My moment came behind Doug’s pharmacy. I come from a small town. We had one busy strip. It had two bars, a grocery store, a few apartment buildings, and down at the end of the block was Doug’s Drugs, just out of the way so he wasn’t too bothered by the drinkers n’ the stinkers. My daddy used to call them the revellers on the strip. “Son, you don’t mess with the drinkers n’ stinkers, cause you’ll wind up strapped, outta cash, and shit outta luck,” he’d say before going to take care of business I was too young and innocent to understand.

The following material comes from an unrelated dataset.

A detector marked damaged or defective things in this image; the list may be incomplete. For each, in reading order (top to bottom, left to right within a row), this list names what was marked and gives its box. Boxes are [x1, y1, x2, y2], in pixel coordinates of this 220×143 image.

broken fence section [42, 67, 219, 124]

I used to steal from Doug’s when I was a kid, and he knew it. Nothing major, a bag of chips here and a bottle of cough syrup there. I was a stupid kid doing stupid things, and Doug never cared too much about it. I think I reminded him of when he was a kid. My daddy and Doug were alright with each other. They went way back, back to old gang stories my daddy would never tell me about. He’d never tell me about it, but people knew, so I knew.

And Doug’s pharmacy was on the strip, see, but just on the edge of the strip, and behind it there was a parking lot. My crew used to go back there and get liquored up, and nobody would bother us. It was Tourney’s job to bring the booze. He got it from his daddy’s basement. His daddy never seemed to notice a half a bottle of whiskey going missing every weekend, probably because he had so many of them.

Tourney and I were alone that night. Fig was at his parent’s country place because that’s where the rich folk went every summer, and Stanny was grounded for failing almost every subject. So there we were, Trick and Tourney, practically inseparable since the state had decided earlier that year that my daddy needed to be put down. I guess whatever made it easy for me, I come by it honestly.

I’d swiped a blade out of Daddy’s desk drawer a week before I got sent off to the foster home which, luckily for me, was down the street from where we used to live. It was one of those switchblades with the actual sharp part concealed by the hilt until you flipped it open. The handle was made of red marble. I’d never intended on hurting anybody with it. I just loved the way it looked and the way the patterns in the marble looked like veins. I'm not here to tell you I was the most well-adjusted kid, but I swear I never meant to be violent. Not then, anyway.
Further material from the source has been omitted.